EXPERT WITNESSES.


LEGAL PROVISIONS AND DECIDED JUDGEMENTS ON EXPERT WITNESSES.

Duncan Abeynayaka – LLB, Attorney At Law.

 

EVIDENCE ORDINANCE

45. When the court has to form an opinion as to foreign law, or of science, or art, or as to identity or genuineness of handwriting or finger impressions, palm impressions or foot impressions, the opinions upon that point of persons specially skilled in such foreign law, science, or art, or in questions as to identity or genuineness of handwriting or finger impressions, palm impressions or foot impressions, are relevant facts.

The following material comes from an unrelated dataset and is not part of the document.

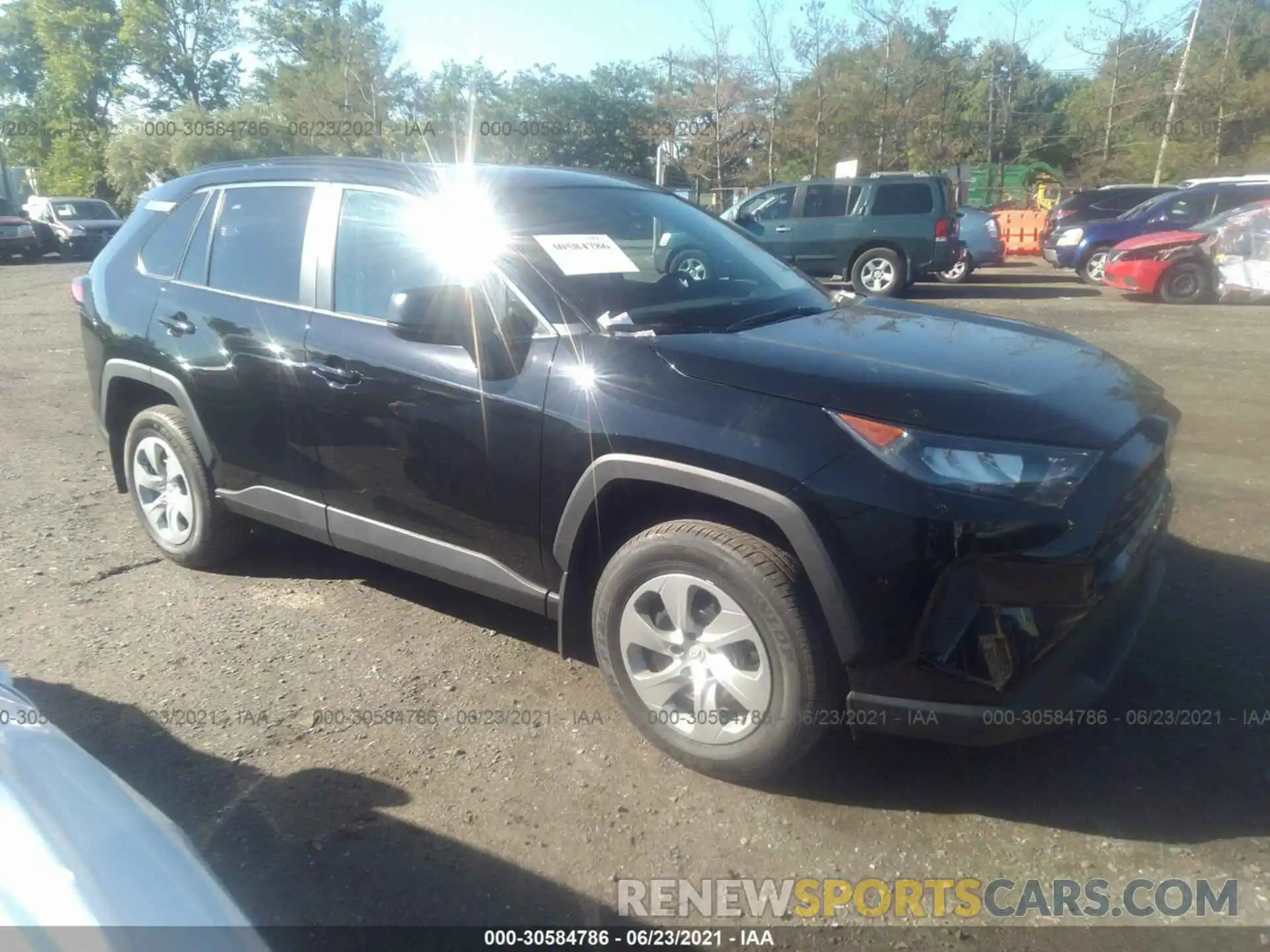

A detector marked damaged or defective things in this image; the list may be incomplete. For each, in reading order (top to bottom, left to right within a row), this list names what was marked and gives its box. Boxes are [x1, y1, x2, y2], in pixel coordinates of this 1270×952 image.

Such persons are called experts.

46. Facts bearing upon opinions of experts.

47. Opinion as to handwriting.

48. Opinion as to existence of right or custom, when relevant.

49. Opinion as to usages, tenets &c., when relevant.

50. Opinion on relationship, when relevant.

51. Whenever the opinion of any living person is relevant the grounds on which such opinion is based are also relevant.

 

CODE OF CRIMINAL PROCEDURE

148.

(1) The Magistrate shall then take, in the presence of the accused and in the manner hereinafter provided, the statements on oath or affirmation of those who know the facts and circumstances of the case, and put them in writing (called the depositions):

Provided that the Magistrate shall not except where the Attorney-General otherwise directs summon and record the evidence of any expert witness but shall only cause such witness's report to be produced and filed of record.

 

01. SOYSA V. SANMUGAM - 10 NLR 355

Section 45 of the Evidence Ordinance, No. 14 of 1895, enacts that when the Court has to form an opinion as to identity or genuineness of handwriting, the opinions on that point of persons specially skilled in questions as to identity or genuineness of handwriting are relevant facts, and that " such persons are called experts."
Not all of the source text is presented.